For hours I have been trying to determine whether or not the following limit exists:
$$\displaystyle{ \lim_{n \to \infty} }\displaystyle\int_{0}^{1}\sin^2\left(\dfrac{1}{ny^2}\right)\mathrm{d}y$$
My first attempt was to try and solve it as an indefinite integral, hoping a nice closed form would result:
Starting with integration by parts gave
$${\displaystyle\int_{0}^{1}}\sin^2\left(\dfrac{1}{ny^2}\right)\mathrm{d}y = y\cdot \sin^2\left( \dfrac{1}{ny^2} \right) + 2\displaystyle\int_{0}^{1} \dfrac{\sin\left(\dfrac{2}{ny^2}\right)}{ny^3}\mathrm{d}y$$
Which was not much help.
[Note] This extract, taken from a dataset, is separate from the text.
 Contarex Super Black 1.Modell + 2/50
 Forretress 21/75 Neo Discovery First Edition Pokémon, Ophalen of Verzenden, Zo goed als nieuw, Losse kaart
Thus, I tried to see how far I could get with a series of substitutions, treating it as an indefinite integral:
$$ v=\dfrac{1}{y} \implies {\displaystyle\int_{}^{}}\sin^2\left(\dfrac{1}{ny^2}\right)\mathrm{d}y =-{\displaystyle\int}\dfrac{\sin^2\left(\frac{v^2}{n}\right)}{v^2} \space \mathrm{d}v$$
Then, integrating by parts:
$$ = -\dfrac{\sin^2\left(\frac{v^2}{n}\right)}{v}-{\displaystyle\int}-\dfrac{4\cos\left(\frac{v^2}{n}\right)\sin\left(\frac{v^2}{n}\right)}{n}\,\mathrm{d}v = -\dfrac{\sin^2\left(\frac{v^2}{n}\right)}{v} + \dfrac{4}{n}{\displaystyle\int}\cos\left(\dfrac{v^2}{n}\right)\sin\left(\dfrac{v^2}{n}\right)\space \mathrm{d}v $$
Which simplifies to
$$-\dfrac{\sin^2\left(\frac{v^2}{n}\right)}{v} + \dfrac4n{\displaystyle\int}\dfrac{\sin\left(\frac{2v^2}{n}\right)}{2}\space\mathrm{d}v \tag{$\ast$}$$
At this point, I realised that the initial substitution $v = 1/y$ will lead to problems at zero when determining the new limits so I modified the problem like this:
$$ v= \dfrac{1}{y} \implies \lim_{n \to \infty} {\displaystyle\int_{0}^{1}}\sin^2\left(\dfrac{1}{ny^2}\right)\mathrm{d}y = \lim_{n \to \infty} \left( \lim_{c \to 0}{\displaystyle\int_{c}^{1}}\dfrac{\sin^2\left(\frac{v^2}{n}\right)}{v^2} \space \mathrm{d}v \right) $$
I am still stuck at this point. However, referring back to ($\ast$), I have a few conjectures about the convergence of the individual terms:
Firstly, for a fixed $v$
$$\lim_{n \to \infty} -\dfrac{\sin^2\left(\frac{v^2}{n}\right)}{v} = 0$$
And secondly,
$${\displaystyle\int}\dfrac{\sin\left(\frac{2v^2}{n}\right)}{2}\space\mathrm{d}v$$ is bounded above thus
$$\lim_{n \to \infty}\dfrac4n{\displaystyle\int_{0}^{1}}\dfrac{\sin\left(\frac{2v^2}{n}\right)}{2}\space\mathrm{d}v = 0$$
Therefore the initial integral is indeed convergent. Right now I am trying to find the limit but no success yet. Any thoughts and ideas will be appreciated.
Best Answer
After a change of variables the integral becomes $$I_{n}=\frac{1}{2}\int_{1}^{+\infty}\sin^2 \bigg(\frac{x}{n}\bigg) x^{-\frac{3}{2}}dx$$ Substituting $s=\frac{x}{n}$ we get $$I_{n}=\frac{1}{2\sqrt{n}}\int_{\frac{1}{n}}^{+\infty}\frac{\sin^2(s)}{s^{\frac{3}{2}}}ds \leq \frac{1}{2\sqrt{n}}\int_{0}^{+\infty}\frac{\sin^2(s)}{s^{\frac{3}{2}}}ds$$ And since $I_{n} \geq 0$ and the last integral is just a constant we conclude by the squeeze theorem $$\lim_{n \to +\infty} I_{n}=0$$